Morphological and biochemical abnormalities in hearts of cardiac mutant salamanders (Ambystoma mexicanum)
- PMID: 1034176
- DOI: 10.1002/jss.400050209
Morphological and biochemical abnormalities in hearts of cardiac mutant salamanders (Ambystoma mexicanum)
Abstract
The effect of homozygosity for recessive gene c in Ambystoma mexicanum is the absence of a heartbeat even though initially heart development appears normal. Mutant embryos (c/c) are first distinguishable from their normal siblings (+/+;+/c) at stage 34 (7 days after fertilization) when the normals develop contracting hearts. The mutant hearts at this stage, upon gross examination, appear structurally normal but fail to beat. Nevertheless, the mutants survive through stage 41, which is about 20 days beyond the heartbeat stage, and they exhibit normal swimming movements, indicating that gene c does not affect skeletal muscle. Electron microscopic studies of normal hearts show some myofibrils to be present at stage 34; by stage 41, the normal myocardial cells have become highly differentiated muscle cells. Although some mutant heart cells contain a few thin 60 A and thick 150 A filaments, organized myofibrils are absent. Instead, amorphous proteinaceous collections are prominent. Heavy meromyosin (HMM) binding experiments were performed on mutant hearts to determine whether the myocardial cells contain actin.
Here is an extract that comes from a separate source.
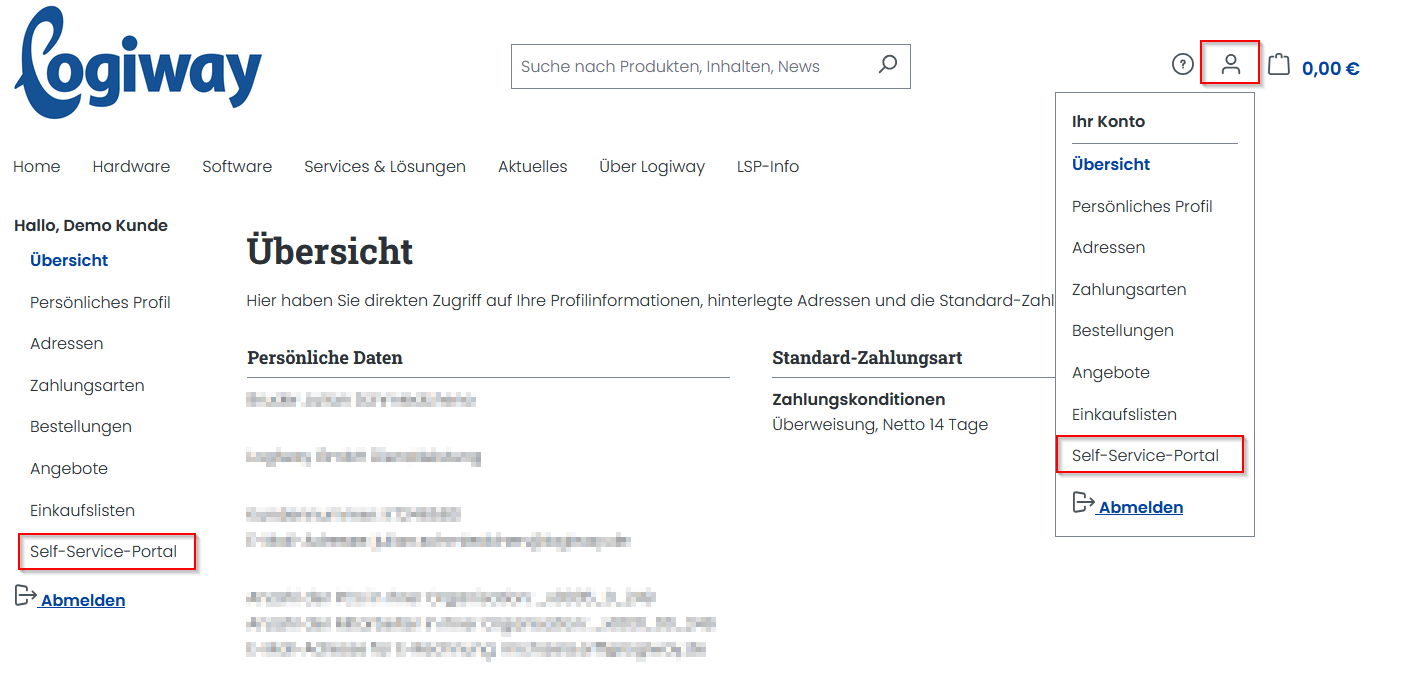 Weiterleitung aus dem Logiway Online-Shop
Mutant myocardial cells that are glycerinated but not treated with HMM contain intact amorphous bodies. After incubation in HMM, the amorphous collections are no longer present and large numbers of decorated actin filaments appear. The.results suggest that the amorphous proteinaceous collections contain actin in a nonfilamentous form, and the addition of HMM induces this actin to polymerize into filaments. SDS-polyacrylamide gel electrophoresis of mutant heart tissue supports this conclusion by showing a prominent 43,000 dalton band suggestive of actin. The electrophoresis experiments also demonstrate a significant reduction of myosin heavy chain (200,000 daltons) in mutant hearts when compared to normal, and this latter observation is confirmed by radioimmunoassay experiments. Muscle tropomyosin (34,000 daltons), prominent in normal hearts, is virtually nonexistent in mutants. Thus, it appears that this single gene mutation affects the accumulation and organization of several different muscle proteins, including actin, myosin, and tropomyosin.